If you fall or get hit in the shoulder, then the cause is pretty apparent. But most patients I see who are experiencing shoulder pain have no idea what caused it. This is because the problem is not usually a single event, but rather builds over time as a result of everyday living. Modern life, with all of its sitting, typing, and texting, encourages us to slouch our upper back and round our shoulders forward. Our body eventually learns this position and remains in it even when not sitting or playing with our many tech toys. Unfortunately, this rounded posture is not ideal for many of the motions we want to perform with our arms. The muscles and fascia adapt to this new posture, leading to a dysfunctional movement pattern that eventually causes imbalance and pain.

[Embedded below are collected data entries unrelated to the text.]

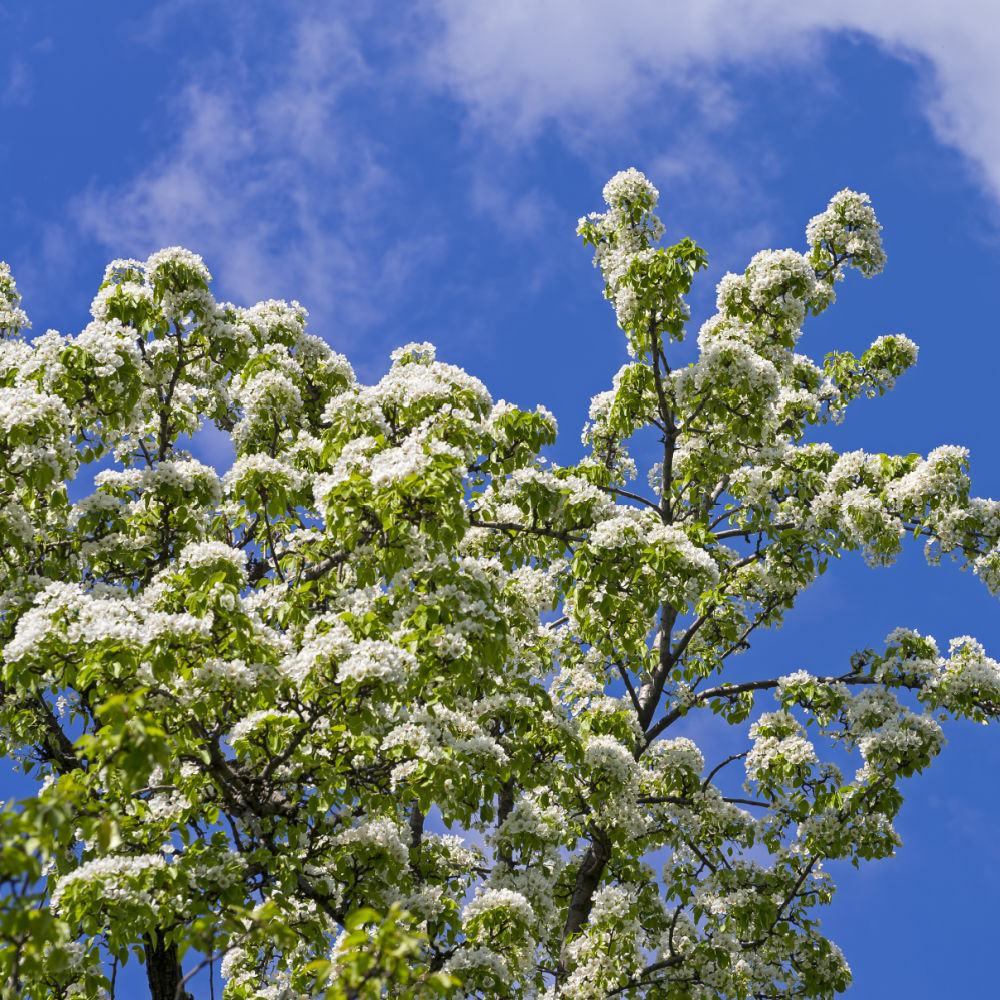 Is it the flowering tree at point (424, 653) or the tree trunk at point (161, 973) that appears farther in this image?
the tree trunk at point (161, 973)

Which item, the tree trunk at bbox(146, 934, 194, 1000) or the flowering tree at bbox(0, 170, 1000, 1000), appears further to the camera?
the tree trunk at bbox(146, 934, 194, 1000)

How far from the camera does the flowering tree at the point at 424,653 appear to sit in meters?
9.30

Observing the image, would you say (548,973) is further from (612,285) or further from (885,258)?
(885,258)

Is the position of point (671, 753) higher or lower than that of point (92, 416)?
lower

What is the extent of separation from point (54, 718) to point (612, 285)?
33.9 feet

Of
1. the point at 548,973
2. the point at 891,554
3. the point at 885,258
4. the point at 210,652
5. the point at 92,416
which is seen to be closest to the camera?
the point at 210,652

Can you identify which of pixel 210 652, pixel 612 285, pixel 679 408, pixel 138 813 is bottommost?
pixel 138 813

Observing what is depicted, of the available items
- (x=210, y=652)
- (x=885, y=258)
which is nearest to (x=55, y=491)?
(x=210, y=652)

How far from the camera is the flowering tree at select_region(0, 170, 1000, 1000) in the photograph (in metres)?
9.30

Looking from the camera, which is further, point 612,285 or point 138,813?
point 612,285

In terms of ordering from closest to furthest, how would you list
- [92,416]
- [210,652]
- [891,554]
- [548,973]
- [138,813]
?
[210,652], [138,813], [92,416], [548,973], [891,554]

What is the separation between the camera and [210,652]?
945cm

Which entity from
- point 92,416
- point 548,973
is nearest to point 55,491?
point 92,416

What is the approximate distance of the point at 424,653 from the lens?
9.96 metres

For example, try to raise your arm above your head while you are slouching with your shoulders rounded forward. See how high you can raise your arm without swaying your back. Do not push your arm past it’s natural stopping point! How high could you raise it? Next, stand up straight with your eyes forward, chest up, and shoulders slightly back. Raise your arm again. Notice a difference? You should be able to now raise your arm straight above your head without any pain, popping, or clicking or motion from the rest of your body. Unfortunately, most of us tend to perform this and similar motions with improper mechanics, causing nerve, blood vessel, and muscular compression. In case you haven’t guessed yet, this is the perfect recipe for disaster.
Alleviating and Preventing Shoulder Pain
There are a number of injuries that can occur at the shoulder, ranging from minor to severe. Below are some suggestions for addressing and preventing shoulder pain and injury. However, if you are experiencing chronic pain or extreme pain, it is important to seek out professional care as soon as possible to ensure proper diagnosis and treatment.
Stretching can help reduce pain and prevent further injury. It is important to incorporate stretches into your daily routine as well as prior to and after strenuous exercise. It is important to warm up before stretching by doing at least five minutes of light movement. When stretching, move slowly into the stretch until you meet a slight resistance and stop there. If you feel any burning or shearing pain, you are stretching too far and need to back off a little bit. Hold each stretch for one to two minutes. As your muscles relax, you may find that you can naturally move deeper into the stretch, but never push past your personal edge. Below are a few great stretches to open up and relax the shoulders.
If stretching alone is not working, then you may need to couple it with foam rolling. When performed correctly, foam rolling can be a great tool to loosen muscle tissue. When foam rolling it is important to roll over tender areas slowly. Once a tender spot has been identified, stay on that spot for 30 seconds to one minute. As with stretching, it is important to warm up the body with light movement before foam rolling. Here are a couple ways to foam roll the shoulder complex.
If you are experiencing shoulder pain that continues after a few weeks of self-care or gets worse, make an appointment with your doctor. Chiropractic care combined with Active Release Technique (A.R.T.) is an excellent treatment for many shoulder issues. Seeking treatment sooner than later can help decrease the risk of severe shoulder conditions.